▶ _Exercise aim_:
Return exactly the lines of the data below, from the one that contains "Fitchburg, WI 53711" through the final line, and leave out every picture.

▶ _Input data_:
____________

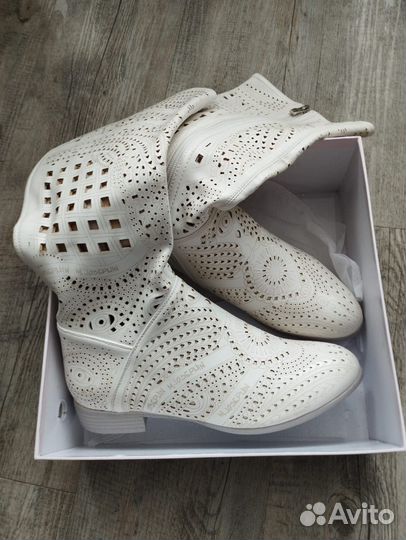 Сапоги кожаные новые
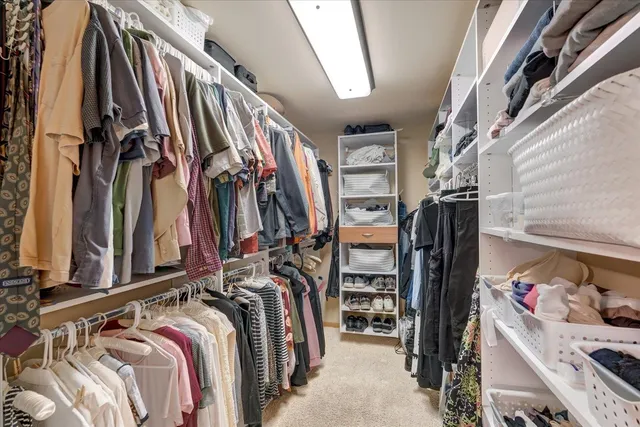 $799,900 | 5834 Persimmon Drive, Fitchburg, WI 53711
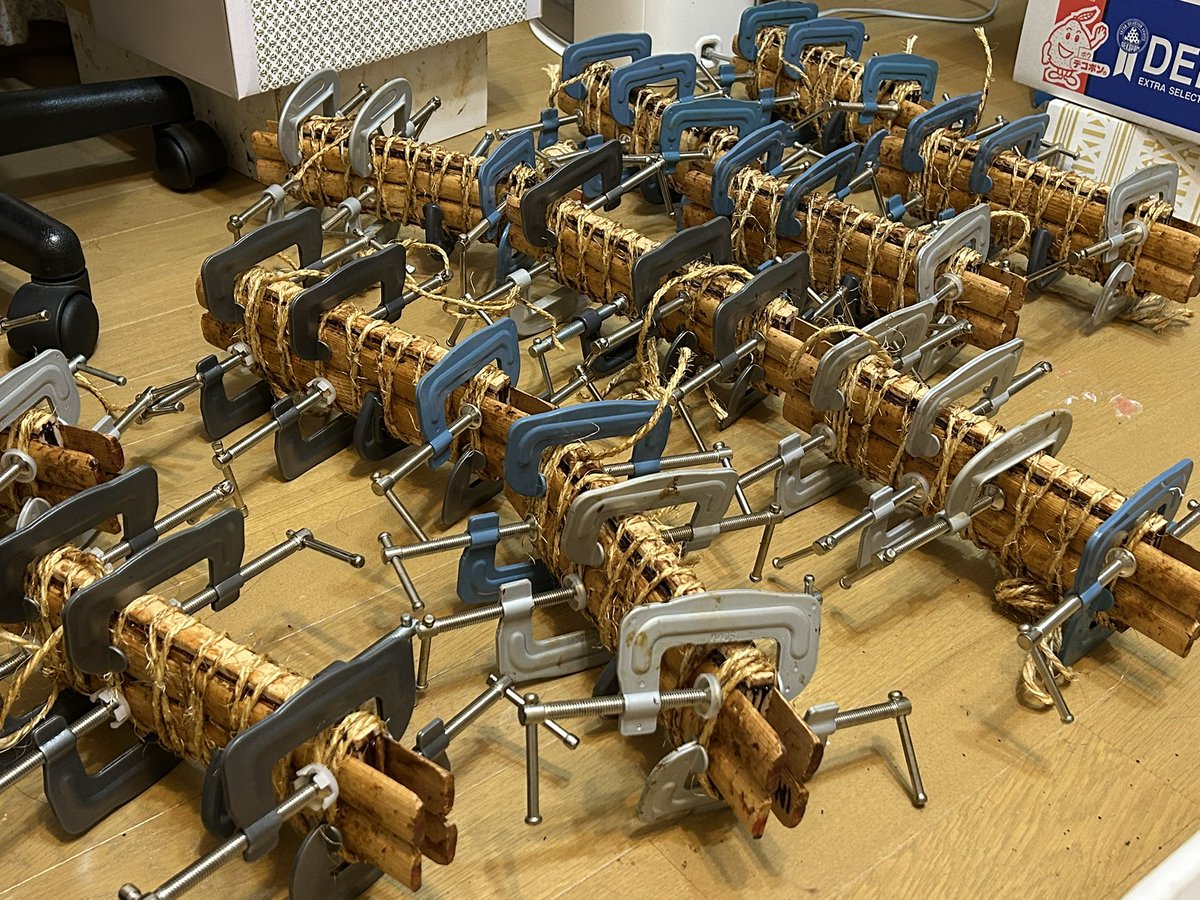 接着終了
今回数が少ないからクランプ余ったのでいつもより余計に留めてみた。虫みたい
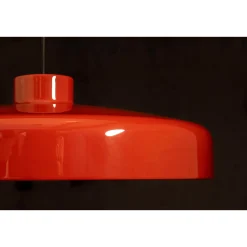 Lacquer pendant medium | black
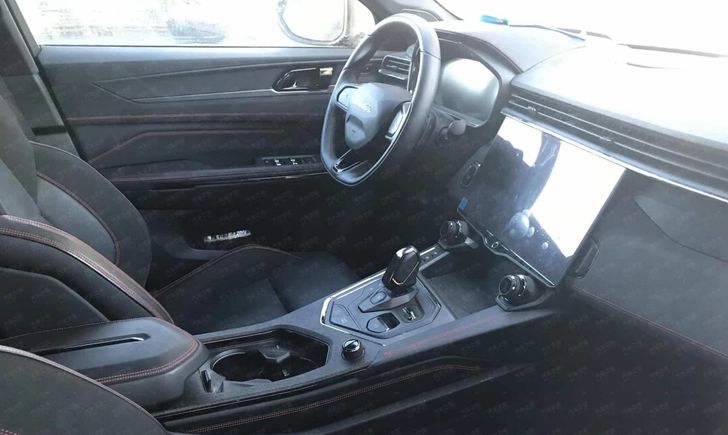 Интерьер Lynk&Co 05+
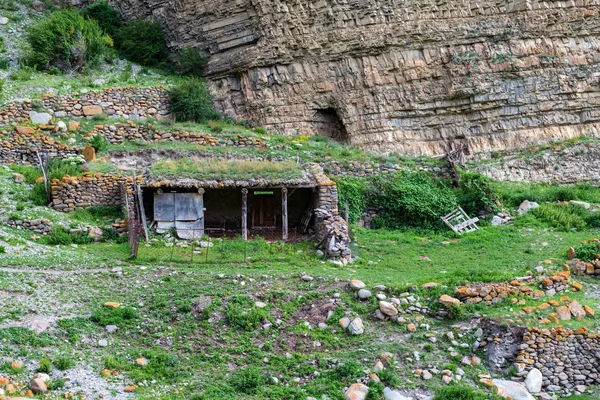山上用石头做成的小乡村小屋 — 图库照片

____________

▶ _Answer for the task_:
 $799,900 | 5834 Persimmon Drive, Fitchburg, WI 53711
 接着終了
今回数が少ないからクランプ余ったのでいつもより余計に留めてみた。虫みたい
 Lacquer pendant medium | black
 Интерьер Lynk&Co 05+
山上用石头做成的小乡村小屋 — 图库照片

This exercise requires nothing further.